But I agree with Duck that there are definite limits to my duty to help keep national crime statistics down (to impress the UN?), especially as David's research hides the concentration of violent crime in urban cores and aboriginal communities. But guns are a big problem for domestic violence and I'm still waiting to meet my first pro-gun woman.

June 21, 2006 2:18 AM  
Blogger Duck said...

The point about the auto statistics is to show that autos are far more dangerous than guns, and that auto deaths can be managed downward by more restrictive driving laws, but most nations don't impose those restrictions with anywhere near the vigor that they impose gun restrictions. Hypocrisy, no?

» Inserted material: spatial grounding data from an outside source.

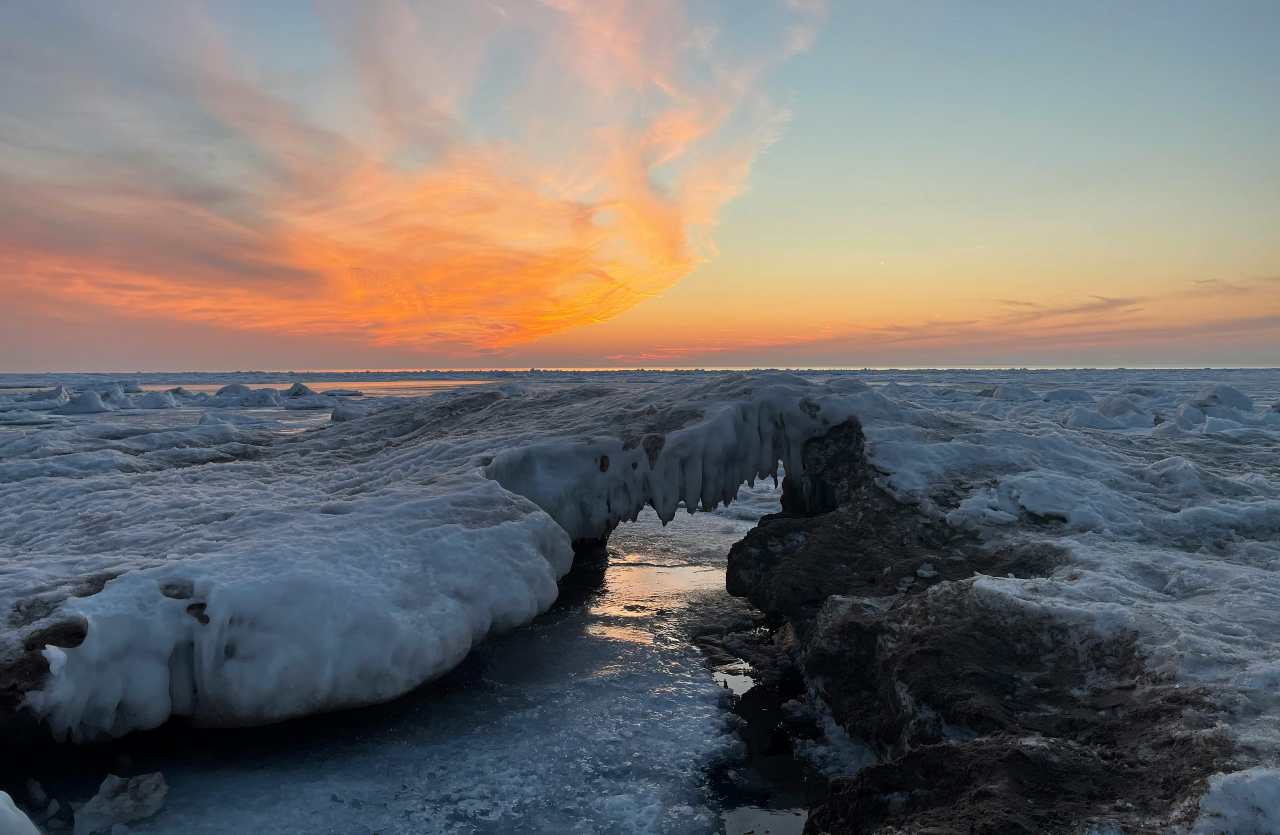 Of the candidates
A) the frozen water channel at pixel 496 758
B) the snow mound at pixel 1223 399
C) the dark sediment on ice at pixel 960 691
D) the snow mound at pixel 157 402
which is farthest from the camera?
the snow mound at pixel 157 402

The suicide question is an interesting one. The main point I would draw from it for countries like France and Denmark is that they have a much bigger problem with suicide than they have with murder, and they should probably work on discovering ways to lower that rate with much more vigor than they apply to being the most peaceful society on the planet.

Is there a connection? Maybe in a highly indirect, circular fasion. To broadly generalize, high suicide rates would correlate with social conditions that make it difficult for people to find meaning in their lives. Socialist, statist societies take personal control over life events away from individuals and give them to the state bureacracy to manage. Decisions like personal protection, or employment. The state says "don't plan for your own safety, or for your economic security, because we will provide these things for you".

Now, much as you may think that the American attitude toward self-reliance in home protection is a delusion (I'm not conceding the point), it gives a sense of self-empowerment. A sense of control over one's destiny is a pretty basic prerequisite for establishing a sense of meaning in your life.

It's not just this issue alone, but the whole spectrum of decisions that impact your life. You add up all the ways in which a socialist state deprives individuals of these basic decisions of self determination, and you can see how a citizen of a nanny state might lose a sense of meaning in his life.

June 21, 2006 7:30 AM  
Blogger Brit said...


I can't help thinking that Harry's right and you're a bit blinded by love in this one.

On the auto point: first, guns are quite useful I suppose, but you can't take the kids to school in one and fill it up with groceries on the way home.

Second, I've don't know if France has less restricted driving laws than the US - I don't think there's much in it. More likely they just break the laws they do have. But by your reasoning the slack left by harsher driving laws would anyway be taken up by depressed frogs topping themselves because of their lack of self-empowerment.

Talking of which, that argument rings true but is edging towards a Freudian angle which doesn't speak well of American masculine insecurity: I've got a big pistol and I don't fire blanks!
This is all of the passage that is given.